• 21 Novembre 2024
Foto di ROCCO STOPPOLONI su Unsplash Foto di ROCCO STOPPOLONI su Unsplash
Alimentazione

La zona del Matese così come buona parte del Sannio ha la caratteristica di essere un territorio prettamente montano, con la presenza di piccole valli costruite e plasmate dai corsi d’acqua del territorio stesso; il Volturno, il Calore, il Sabato, l’Isclero e così via e l’economia dei territori è sempre stata agro-pastorale o come definita da alcuni “agricoltura rurale del piccolo contadino”. Una economia che si basava sull’agro pastorale con piccole stalle che variavano da tre a 10 vacche, qualche ovino, qualche ettaro di terreno di proprietà sufficiente a sostenere gli animali, qualche maiale, un uliveto, un vigneto, qualche animale da cortile. Il tutto sufficiente per condurre una vita dignitosa economicamente e non solo, che permetteva il far studiare i figli, anche in un tempo dove l’istruzione non era proprio contemplata.

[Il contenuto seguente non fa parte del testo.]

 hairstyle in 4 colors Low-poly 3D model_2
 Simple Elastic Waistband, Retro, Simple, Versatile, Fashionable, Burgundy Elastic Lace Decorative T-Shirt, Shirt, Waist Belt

Un benessere di base, compensato da periodi brevi di emigrazione, (in alcuni casi purtroppo di migrazioni definitive) ma per chi rimaneva un sufficiente, anche se faticoso, tenore di vita. Ma il territorio nella sua bellezza paesaggistica, dai folti e verdi boschi, dalla abbondanza di acqua ma contemporaneamente in parte isolato e lontano dai grandi centri urbani ed industrializzati, era e resta un territorio rurale e periferico con una moltitudine di comuni ma con relativi pochi abitanti. Un luogo, o meglio luoghi così belli e conservati in un regime di vita quasi arcaico, con collegamenti e infrastrutture quasi marginali se non minimali, che ne hanno decretato a fasi alterne la precarietà dei beni elementari della vita, le incertezze delle prospettive concernenti il futuro.

La carenza in parte di assistenza e servizi sociali, l’asprezza della fatica nel quadro di una economia agricola “rurale del piccolo contadino” troppo delicata rispetto ai cambiamenti economici ciclici e storici, dove la memoria di comportamenti razionali efficaci con cui fronteggiare i momenti critici dell’esistenza costituivano da tempi immemori le condizioni del mantenersi anche di attività lavorative extra e diversificate che oggi sono difficilmente realizzabili.

Il territorio ciclicamente ad ogni crisi si è confrontato con una perdita di servizi, di assistenza sociale, di potere di acquisto ed un aumento consequenziale del volume stesso del lavoro, a compensare mancati guadagni che di fatto poi oggi non si compensano affatto.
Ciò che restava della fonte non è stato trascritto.